No agreement has been achieved between the married couple. If the father's wishes are to be given equal weight in the decision when the father wants the pregnancy and the mother wishes to terminate it, does the reverse hold true? If the father does not want the pregnancy but the mother does, should she terminate the pregnancy based on his wishes just as she is expected to go through with the pregnancy if he does not want her to terminate it?
Not at all. I'm not suggesting for one second that the father's opinion always wins the day no matter what it is. I do tend to favor the side that promotes allowing the baby to live, but not always, and it's possible that the desire to allow the baby to live is not moral at all.
Quote:Obviously, in our hypothetical, the mother doesn't want to have the child. Her reasons could be many and each would have a different bearing on the issue of what she should do.
For instance, let's assume she wants an abortion because she is afraid that the birth will result in her death. This would support her moving forward, and emphasize the selfishness of the father's desires.
But let's assume that she never wanted a child and doesn't want this one, while the father has longed for little else.
Can she go ahead with the abortion? Legally, yes but should she? The conflict has destroyed her relationship with the father but she can go through nine months of discomfort and angst and allow him to be fulfilled as a person. It's hard for me to accept that in such an equation, the mother has the moral advantage.

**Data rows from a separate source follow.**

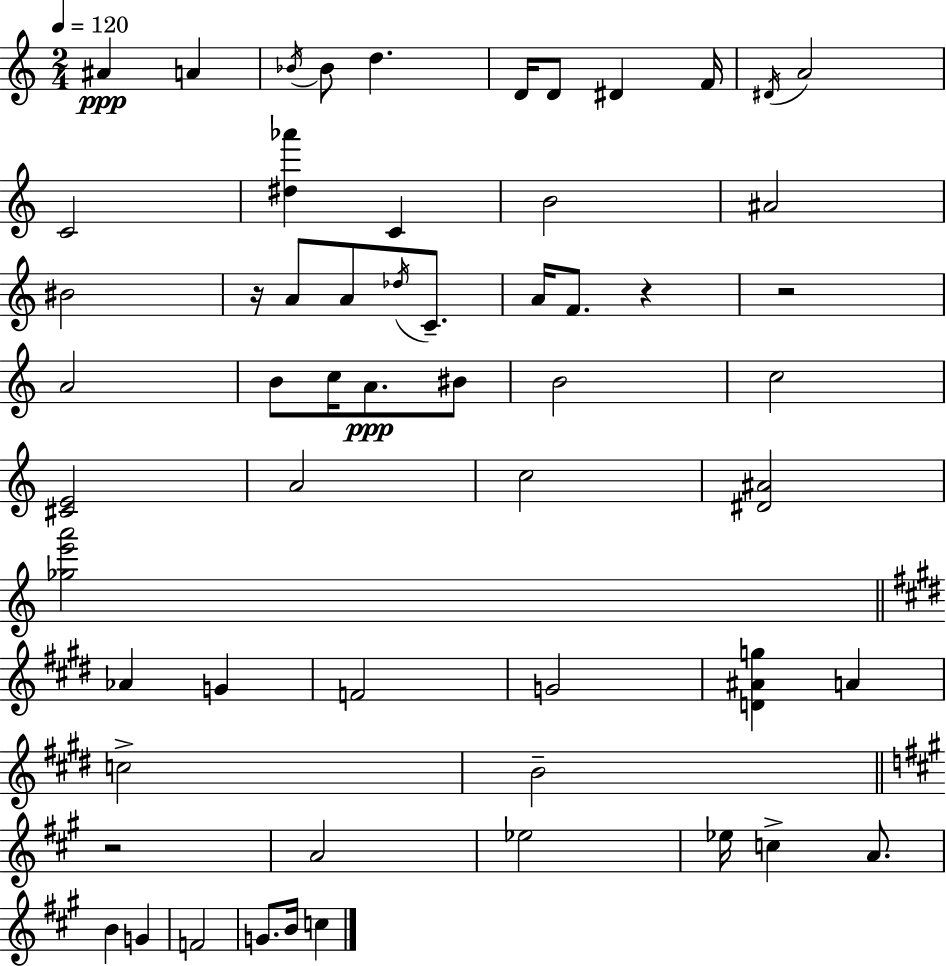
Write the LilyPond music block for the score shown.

{
  \clef treble
  \numericTimeSignature
  \time 2/4
  \key a \minor
  \tempo 4 = 120
  ais'4\ppp a'4 | \acciaccatura { bes'16 } bes'8 d''4. | d'16 d'8 dis'4 | f'16 \acciaccatura { dis'16 } a'2 | \break c'2 | <dis'' aes'''>4 c'4 | b'2 | ais'2 | \break bis'2 | r16 a'8 a'8 \acciaccatura { des''16 } | c'8.-- a'16 f'8. r4 | r2 | \break a'2 | b'8 c''16 a'8.\ppp | bis'8 b'2 | c''2 | \break <cis' e'>2 | a'2 | c''2 | <dis' ais'>2 | \break <ges'' e''' a'''>2 | \bar "||" \break \key e \major aes'4 g'4 | f'2 | g'2 | <d' ais' g''>4 a'4 | \break c''2-> | b'2-- | \bar "||" \break \key a \major r2 | a'2 | ees''2 | ees''16 c''4-> a'8. | \break b'4 g'4 | f'2 | g'8. b'16 c''4 | \bar "|."
}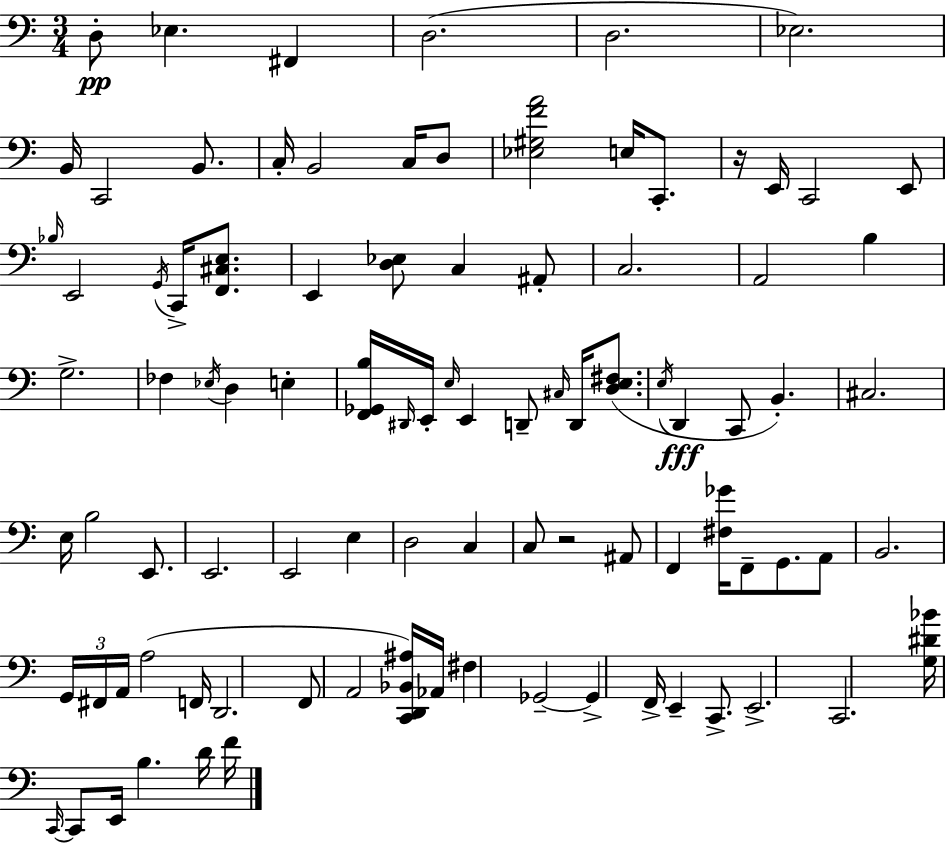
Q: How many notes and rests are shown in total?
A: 93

This was my point - irrespective of the legality of abortion, irrespective of the morality of it, there should be consideration of the wishes of both mother and father.
This is still part of your answer to my second question and erroneously reverts back to the origianl scenario rather than addressing the flipped scenario.
Yes, but my answer really is not dependent upon which partner takes which position.
Again, I tend to lean towards supporting whomever wishes to keep the baby, but this doesn't unerringly validate such a position nor discount the validity of the opposing position.
You haven't been flippant or rude, just evasive, but I think it is unintentionable. You're just too used to making the argument from only one perspective. Flip it around and see if your basis for the argument still holds when it is the father who does not want the pregnancy and the mother wishes to keep it.
I certainly do not believe that the father's wishes should be the decisive factor, but I do not believe that the mother's wishes should be either.
Even in the event that the dispute destroys the relationship, the right to decide doesn't necessarily default to the mother --- morally (obviously it does legally).
If we can fashion a highly improbable, but possible hypothetical where the moral foundation of each parents position are identically sound, and yet they remain opposed I think a tie goes to the baby. If the woman wants to abort and she invokes her legal right to go forward with it, I might be disappointed but I would never suggest that her decision automatically implies immorality.
My problems with CJ's comments were multiple
1) She asserted that a man's opinion on this issue is irrelevant
2) She has taken a convenient comfort in the certainty of legality that I doubt she really holds.
3) She asserts that no matter why the woman wants an abortion it is OK that she gets one.
Many of the positions people take are dependent upon the way the issue is framed.
I appreciate consistency, and I expect that many self-described pro-choicers would have considerable difficulty with abortions that were performed because
* The parents believed the child was homosexual
* The parents believed the child would never become a super-model
* The parents believed the child would be too dark skinned
If one accepts the position that a woman's choice to abort is (legally and morally) inviolate then one must accept the three instances above and any others that conflict with parallel morals.
Does the Right to Choose really trump all other issues of morality?
Hope you'll take the time to reply. I think this can be a constructive exploration for all of us.